Fires in Brazil's Amazon rainforest are proliferating at an alarming rate.
"Our house is burning. Literally. The Amazon rain forest – the lungs which produces 20% of our planet's oxygen – is on fire," French President Emmanuel Macron wrote in a tweet Thursday.
He called it an "international crisis" and urged members of the G7 to prioritize the issue at its summit this weekend.
Many of the fires are believed to have been set by farmers clearing land. Environmentalists say the attitude of Brazil's right-wing president, Jair Bolsonaro, has encouraged the farmers, as well as cattle ranchers, loggers and miners, NPR's Scott Neumann reports.
Bolsonaro has described measures to protect the rainforest as "obstacles" to economic growth. Bolsonaro, who took office in January, has said repeatedly that he wants to open the Amazon to development.
According to Brazil's National Institute for Space Research, there have been 74,155 fires in Brazil so far this year — most of which erupted in the Amazon, reports NPR's Colin Dwyer.
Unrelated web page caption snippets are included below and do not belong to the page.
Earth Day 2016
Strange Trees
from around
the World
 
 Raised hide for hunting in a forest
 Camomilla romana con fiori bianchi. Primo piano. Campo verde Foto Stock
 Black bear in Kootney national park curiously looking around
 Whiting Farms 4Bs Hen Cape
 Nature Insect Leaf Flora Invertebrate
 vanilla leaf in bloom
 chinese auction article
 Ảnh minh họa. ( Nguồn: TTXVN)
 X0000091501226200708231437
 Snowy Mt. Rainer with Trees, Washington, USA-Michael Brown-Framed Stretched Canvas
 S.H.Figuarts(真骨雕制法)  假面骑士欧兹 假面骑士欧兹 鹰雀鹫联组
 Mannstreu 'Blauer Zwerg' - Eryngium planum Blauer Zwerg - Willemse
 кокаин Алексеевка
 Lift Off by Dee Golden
That represents an astonishing leap of more than 80% over last year and by far the most that the agency has recorded since it began compiling this data in 2013.
About half those fires, or nearly 36,000 of them, have ignited in just the past month. That's nearly as many as in all of 2018. Smoke from the fires has darkened the skies over major Brazilian cities such as São Paulo.